Get Started¶

MMDeploy provides useful tools for deploying OpenMMLab models to various platforms and devices.

With the help of them, you can not only do model deployment using our pre-defined pipelines but also customize your own deployment pipeline.

Introduction¶

In MMDeploy, the deployment pipeline can be illustrated by a sequential modules, i.e., Model Converter, MMDeploy Model and Inference SDK.

deploy-pipeline

Model Converter¶

Model Converter aims at converting training models from OpenMMLab into backend models that can be run on target devices. It is able to transform PyTorch model into IR model, i.e., ONNX, TorchScript, as well as convert IR model to backend model. By combining them together, we can achieve one-click end-to-end model deployment.

MMDeploy Model¶

MMDeploy Model is the result package exported by Model Converter.

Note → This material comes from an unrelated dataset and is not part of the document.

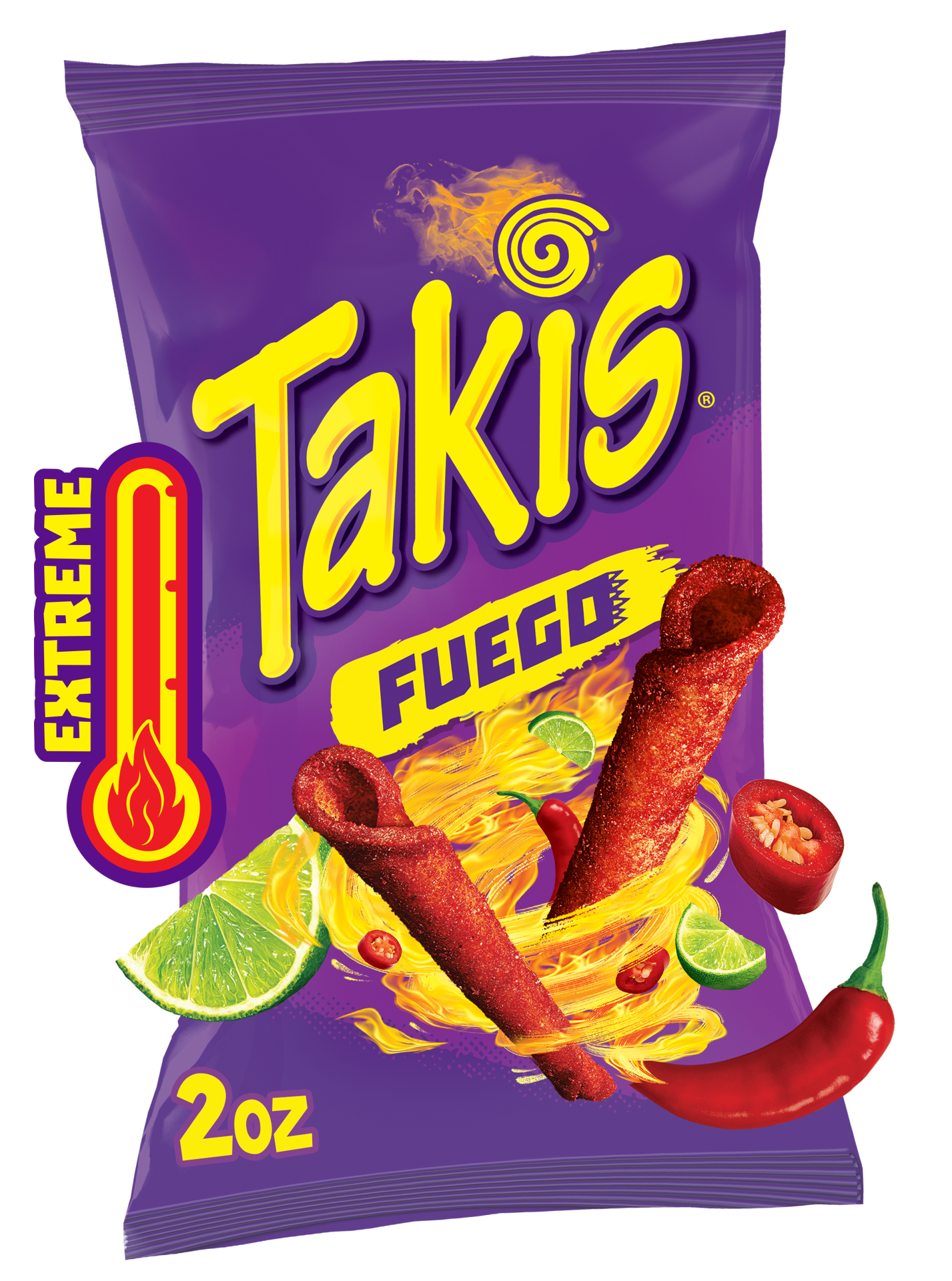 slide 1 of 7, Takis Fuego 2 oz Value Size Bag, Hot Chili Pepper & Lime Flavored Extreme Spicy Rolled Tortilla Chips, 2 oz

Beside the backend models, it also includes the model meta info, which will be used by Inference SDK.

Inference SDK¶

Inference SDK is developed by C/C++, wrapping the preprocessing, model forward and postprocessing modules in model inference. It supports FFI such as C, C++, Python, C#, Java and so on.

Prerequisites¶

In order to do an end-to-end model deployment, MMDeploy requires Python 3.6+ and PyTorch 1.8+.

Step 0. Download and install Miniconda from the official website.

Step 1. Create a conda environment and activate it.

conda create --name mmdeploy python=3.8 -y
conda activate mmdeploy

Step 2. Install PyTorch following official instructions, e.g.

On GPU platforms:

conda install pytorch=={pytorch_version} torchvision=={torchvision_version} cudatoolkit={cudatoolkit_version} -c pytorch -c conda-forge

On CPU platforms:

conda install pytorch=={pytorch_version} torchvision=={torchvision_version} cpuonly -c pytorch

Note

On GPU platform, please ensure that {cudatoolkit_version} matches your host CUDA toolkit version. Otherwise, it probably brings in conflicts when deploying model with TensorRT.

Installation¶

We recommend that users follow our best practices installing MMDeploy.

Step 0. Install MMCV.

pip install -U openmim
mim install mmengine
mim install "mmcv>=2.0.0rc2"

Step 1. Install MMDeploy and inference engine

We recommend using MMDeploy precompiled package as our best practice. Currently, we support model converter and sdk inference pypi package, and the sdk c/cpp library is provided here. You can download them according to your target platform and device.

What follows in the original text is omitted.